Sol, Praia e Piscina; este é o cenário do verão. Mas, mesmo com o clima de descontração, é importante estar alerta ao aparecimento de diversas doenças frequentes no período. Alguns cuidados simples podem evitar problemas
Cuidados com a pele devem ser reforçados
Além da já tradicional dica de não esquecer o protetor solar, algumas outras podem evitar doenças de pele mais comuns que ocorrem devido ao aumento da temperatura combinado à maior exposição ao sol, à umidade e ao aumento da transpiração, veja algumas delas:
Micoses e frieiras
Os tipos mais freqüentes destes problemas causados por fungos são as micoses de praia, que provocam manchas esbranquiçadas, e as micoses de virilha e dos pés. “O calor, o suor e o atrito entre as partes do corpo são um prato cheio para os fungos se reproduzirem”, explica o dermatologista Carlos Alberto Queiroz Carvalho. Para evitá-las é necessário procurar praias limpas e manter o corpo sempre seco.
Herpes labial
Provocado por um vírus, ocorre mais no verão devido às longas exposições ao sol que baixam a resistência imunológica do organismo. Entre seus sintomas estão: bolhinhas d’ água, coceira, ardência e formigamento. Na prevenção, deve-se evitar o contato com pessoas infectadas e a
exposição exagerada ao sol nas horas mais quentes do dia.
Brotoejas
Manchas vermelhas e bolhinhas d’ água, mais comuns em crianças. Podem ser prevenidas evitando o sol forte e banhos quentes, mantendo os ambientes ventilados e usando roupas frescas.
Acne solar
Apesar de o sol da manhã e do final da tarde ajudar a reduzir as populares “espinhas”, há exceções. “O horário não recomendado, das 12h às 16h, aumenta a secreção das glândulas de gordura, facilitando proliferação de bactérias na pele, o que piora o quadro de acne”, alerta o especialista.
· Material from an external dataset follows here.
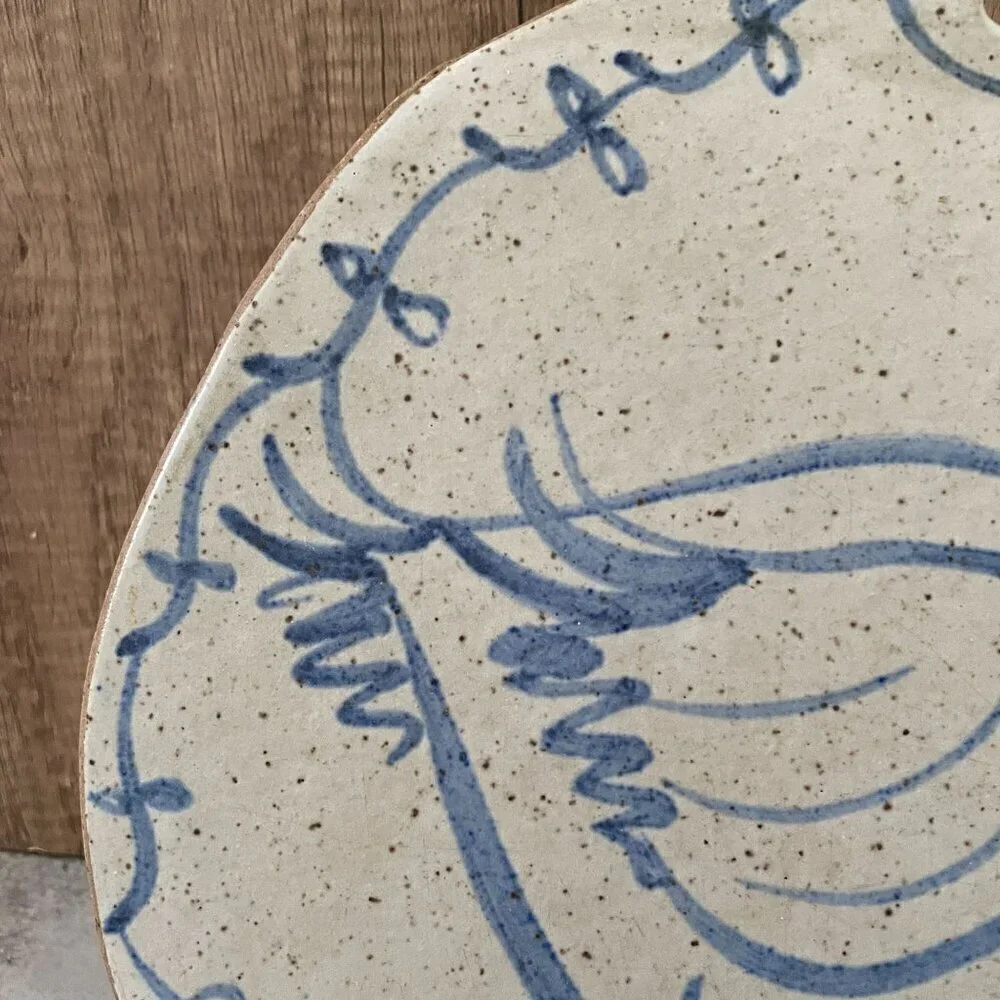 Gerding studio art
Doenças nos ouvidos também são comuns
Além da pele, outras partes do nosso corpo também podem sofrer com hábitos muitos comuns
no verão. Eles podem, por exemplo, contribuir para o aparecimento freqüente das otites externas, popularmente conhecidas como dores de ouvido.
Elas são causadas pelo acúmulo de água nos ouvidos, pela alteração do PH do canal auditivo
e pela retirada da flora bacteriana natural da orelha, ou do cerume, que atuam como protetores contra as bactérias prejudiciais à saúde.
De acordo com o otorrinolaringologista, Flávio Augusto Passarelli Prado, o principal sintoma das
otites é a dor. “É uma dor aguda sentida, às vezes, ao se mexer na orelha, movimentar o maxilar, comer e falar”, exemplifica.
Para tratá-las é preciso procurar um especialista. Já a prevenção é bastante simples, basta manter o ouvido sempre seco e evitar o uso de cotonetes. “A haste de algodão nunca tira o cerume, ela só o empurra, causando a laceração da pele e facilitando a entrada de bactérias”,
explica o especialista. Quem enfrenta o problema com freqüência também pode utilizar tampões nas orelhas.
Se não tratadas, essas inflamações podem se espalhar para regiões próximas do ouvido fazendo com que a infecção se estenda para a parte óssea, dificultando o tratamento. Por isso,
em caso de dores nos ouvidos, procure atendimento médico.